**Activity**
The answer must be an exact copy of the entries below, with no images in it.

Saved entries
------------------------------------------------------------

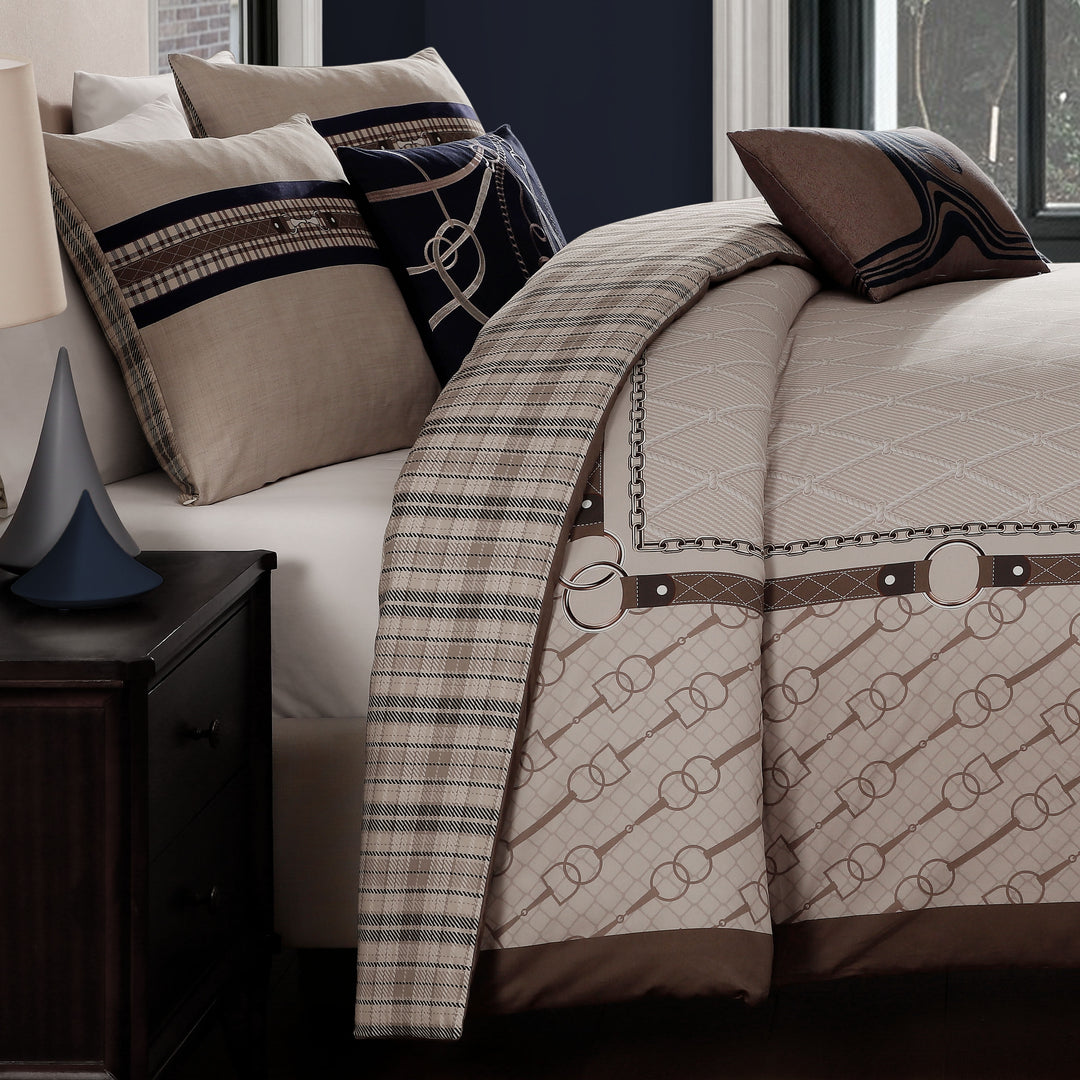 Bebejan Equestrian 5 Piece Reversible Comforter Set
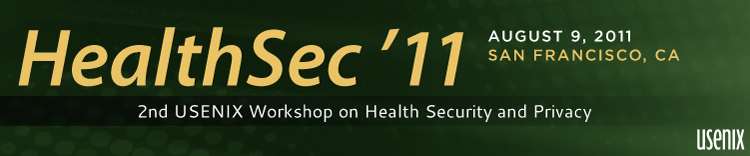 HealthSec '11 Banner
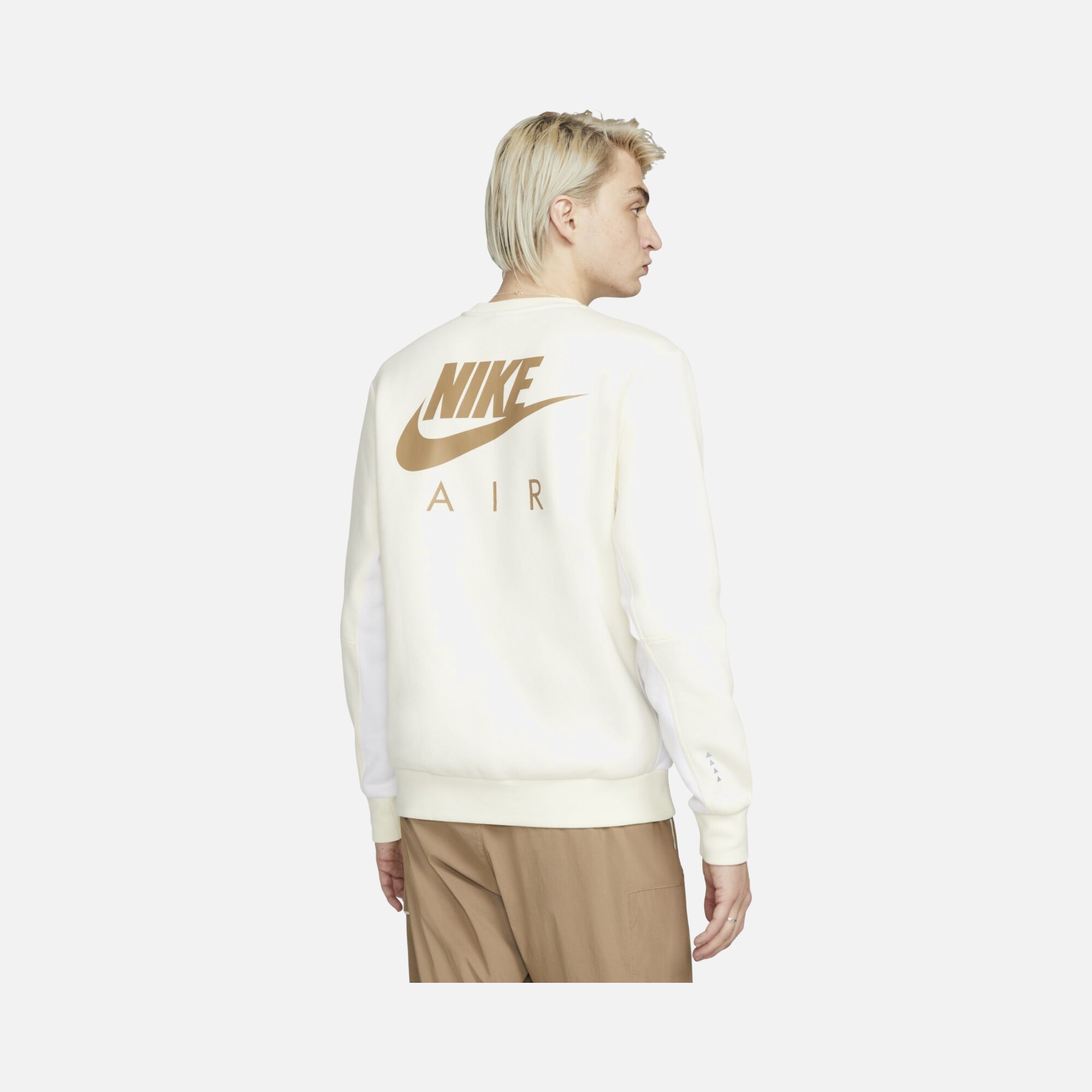 Nike Sportswear Air Brushed-Back Fleece Erkek Sweatshirt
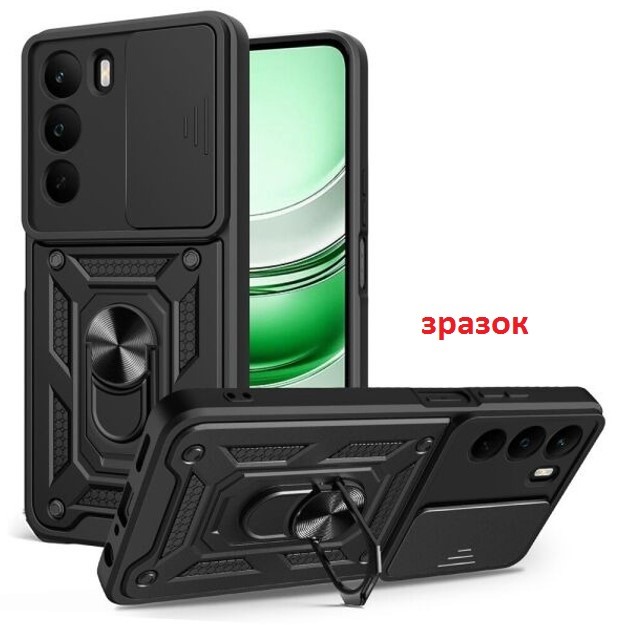 Накладка Camshield Serge Ring для Oppo A5 2025 чорна-0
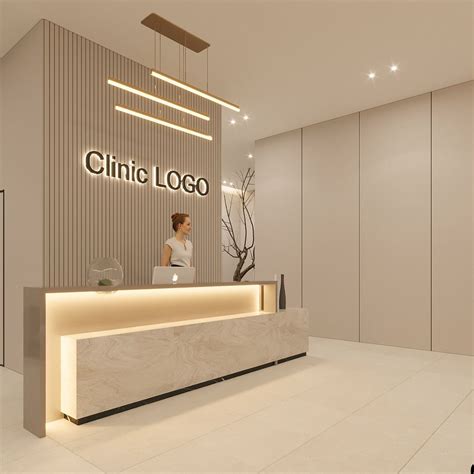 beauty centre design   design  clinic reception minimalist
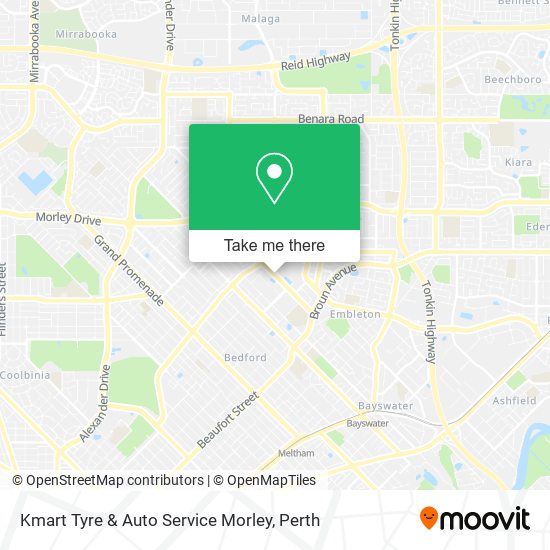 Kmart Tyre & Auto Service Morley map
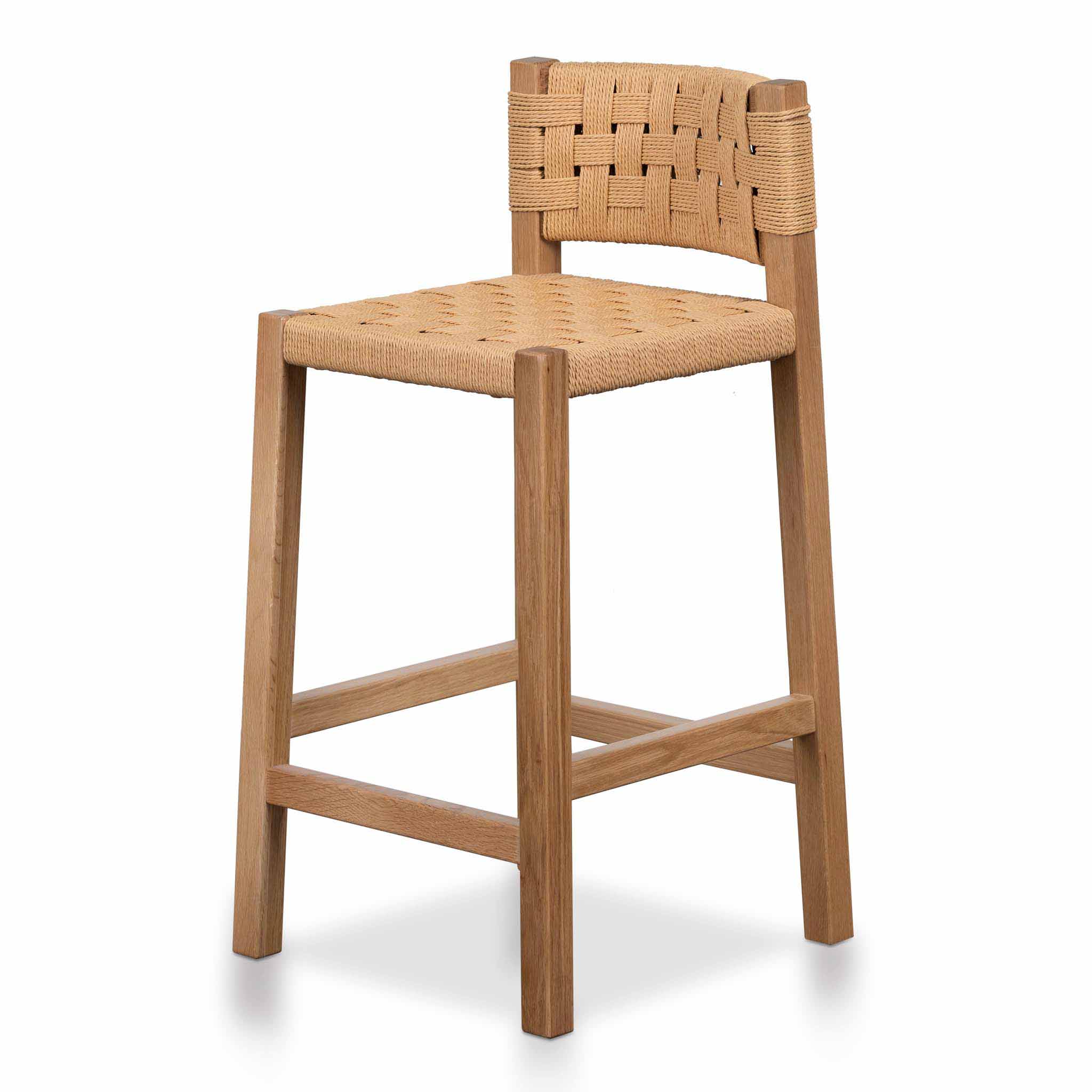 Jolen Rattan Bar Stool - Natural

------------------------------------------------------------

**Exercise response**
 Bebejan Equestrian 5 Piece Reversible Comforter Set
 HealthSec '11 Banner
 Nike Sportswear Air Brushed-Back Fleece Erkek Sweatshirt
 Накладка Camshield Serge Ring для Oppo A5 2025 чорна-0
 beauty centre design   design  clinic reception minimalist
 Kmart Tyre & Auto Service Morley map
 Jolen Rattan Bar Stool - Natural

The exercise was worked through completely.